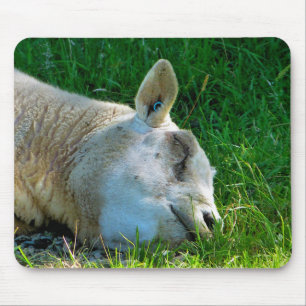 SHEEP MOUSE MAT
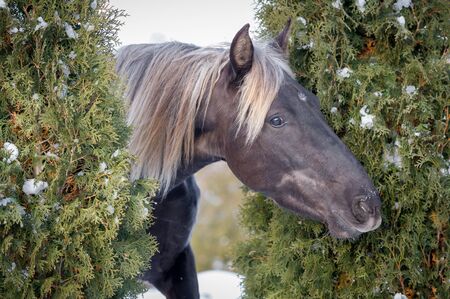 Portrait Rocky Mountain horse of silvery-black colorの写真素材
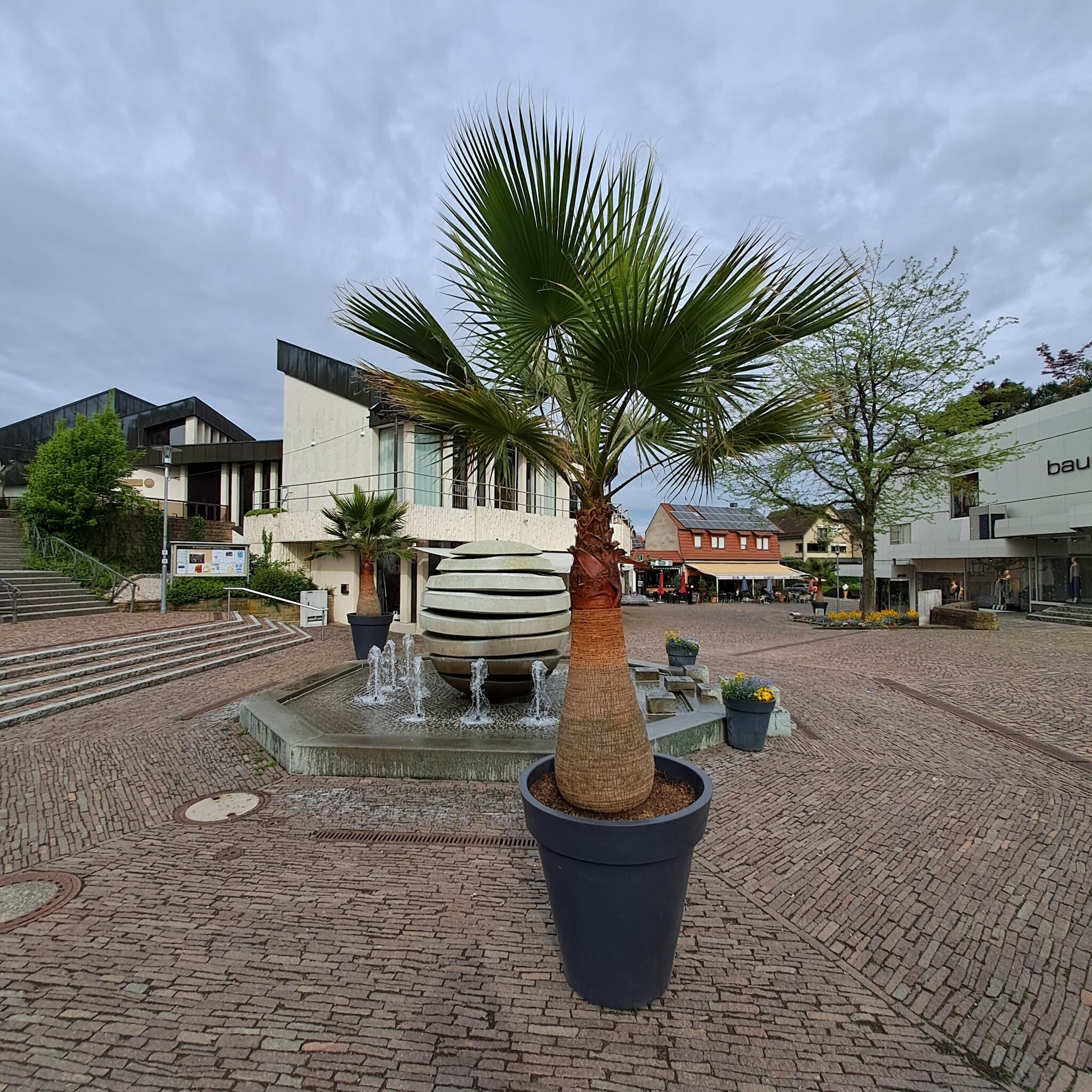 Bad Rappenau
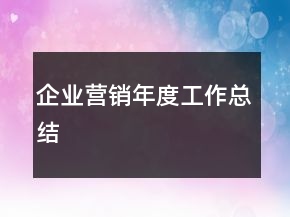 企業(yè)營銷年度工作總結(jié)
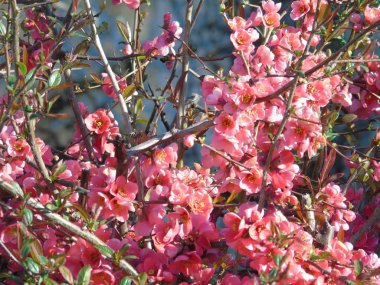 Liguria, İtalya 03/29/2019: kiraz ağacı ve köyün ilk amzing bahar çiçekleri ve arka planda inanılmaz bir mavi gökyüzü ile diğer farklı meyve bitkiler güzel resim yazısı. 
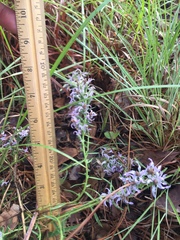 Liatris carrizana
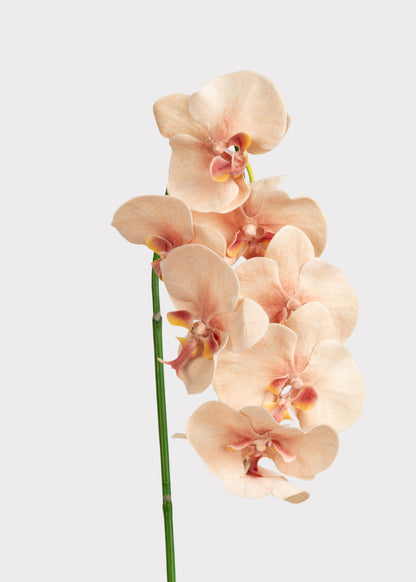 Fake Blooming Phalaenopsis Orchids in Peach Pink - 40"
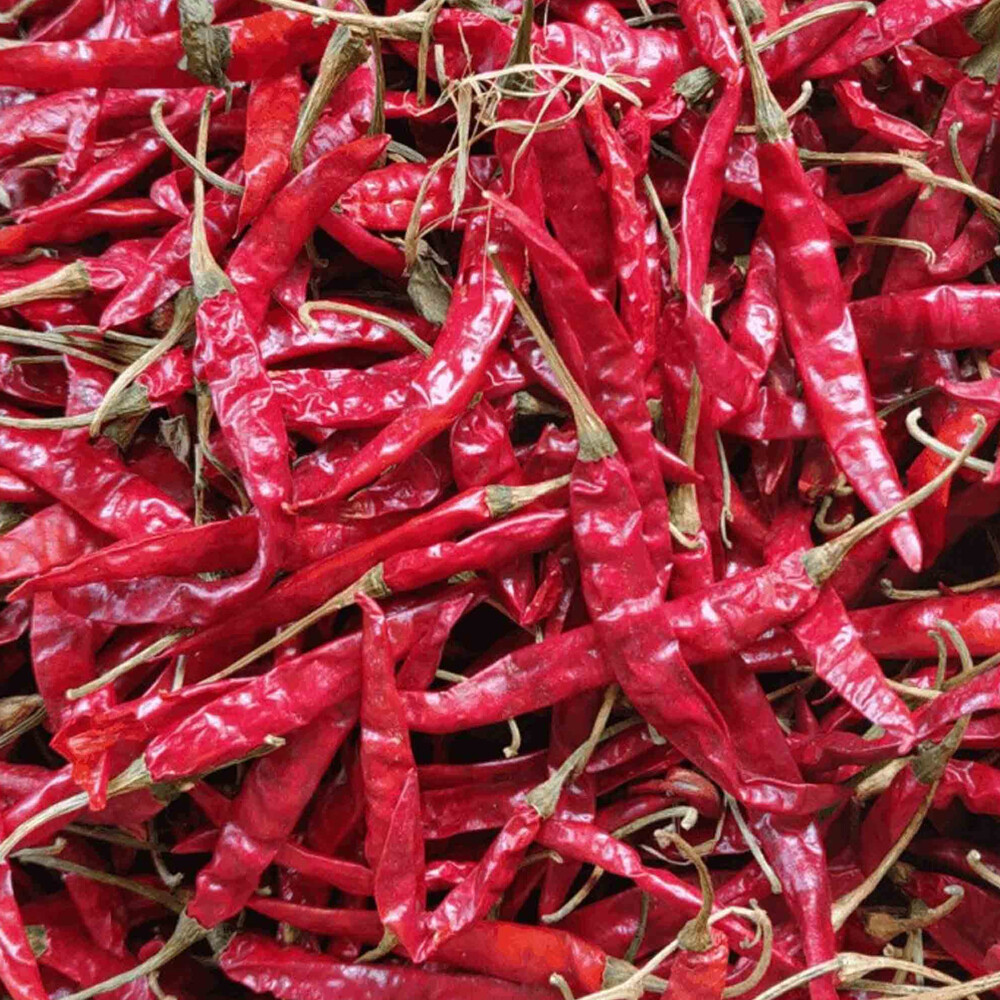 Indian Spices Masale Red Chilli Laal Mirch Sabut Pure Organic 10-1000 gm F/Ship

-=-=-=-=-

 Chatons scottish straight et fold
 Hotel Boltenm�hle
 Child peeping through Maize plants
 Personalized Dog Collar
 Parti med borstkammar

-=-=-=-=-

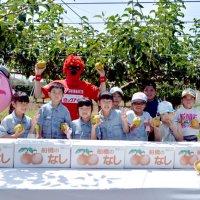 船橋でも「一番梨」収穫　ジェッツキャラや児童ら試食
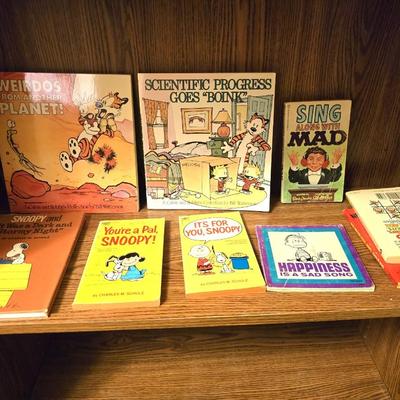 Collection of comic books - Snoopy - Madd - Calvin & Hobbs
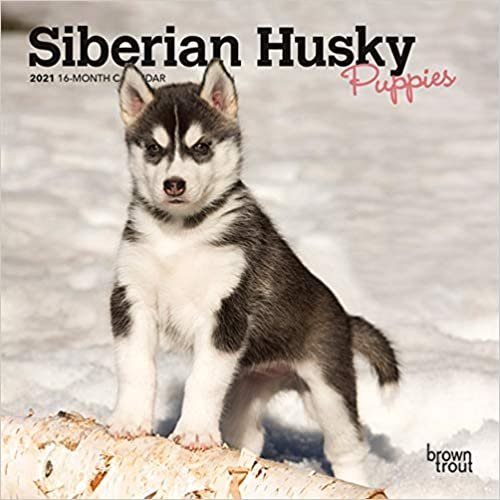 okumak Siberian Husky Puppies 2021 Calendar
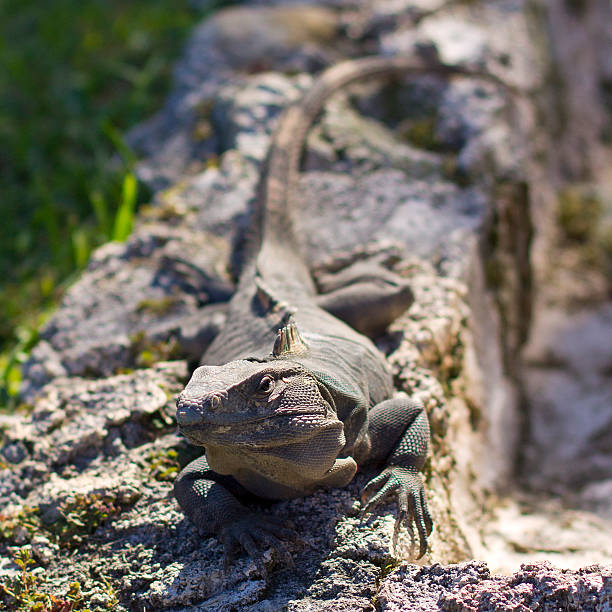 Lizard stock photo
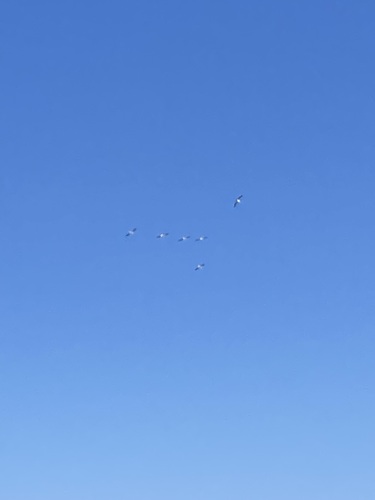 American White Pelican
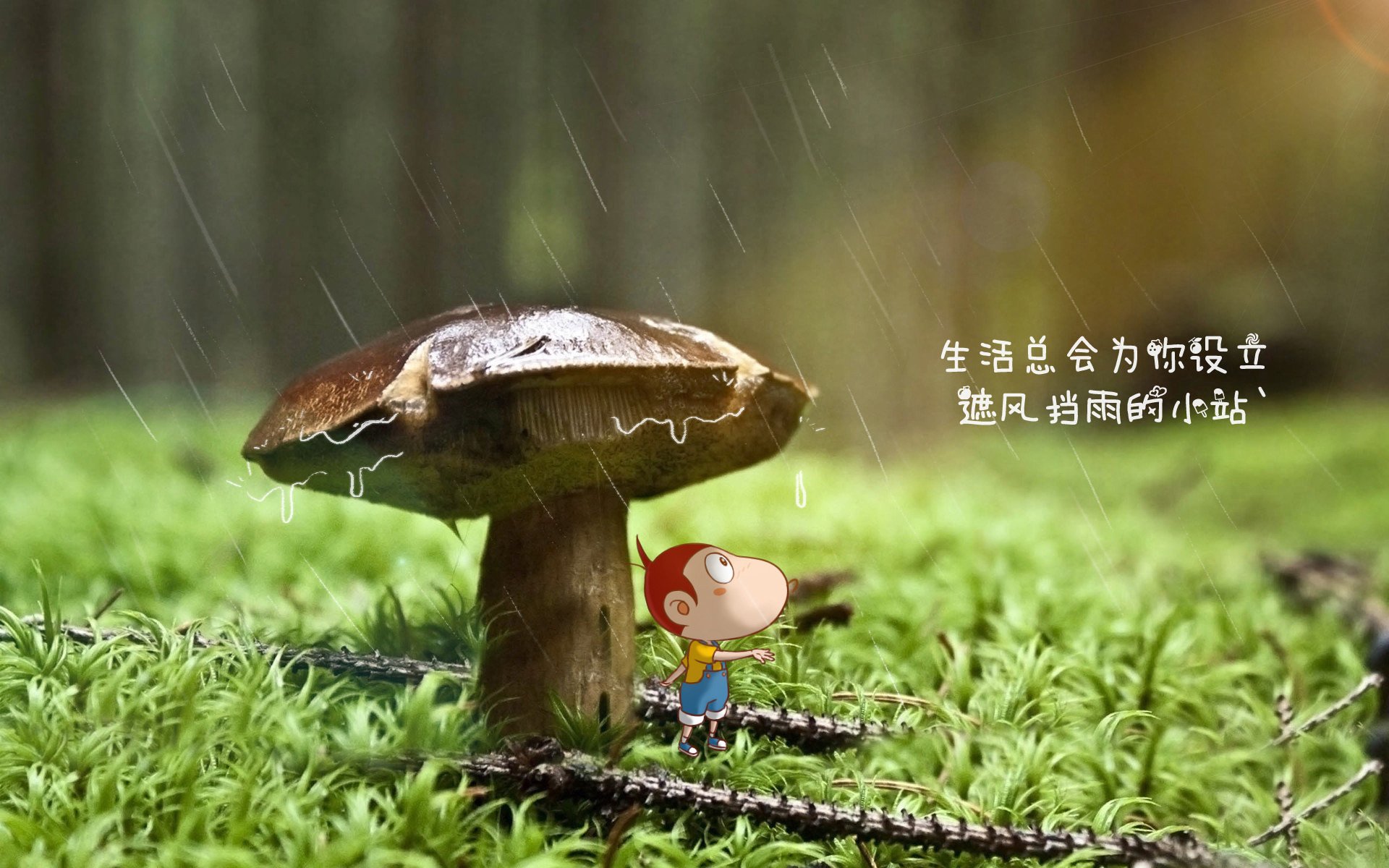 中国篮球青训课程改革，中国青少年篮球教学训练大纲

-=-=-=-=-

> Task statement
Although pictures appear among the records above, write out exactly only the lines from the one that has "Fake Blooming Phalaenopsis" through the one that has "Indian Spices Masale", and leave the pictures out.

> Reply
 Fake Blooming Phalaenopsis Orchids in Peach Pink - 40"
 Indian Spices Masale Red Chilli Laal Mirch Sabut Pure Organic 10-1000 gm F/Ship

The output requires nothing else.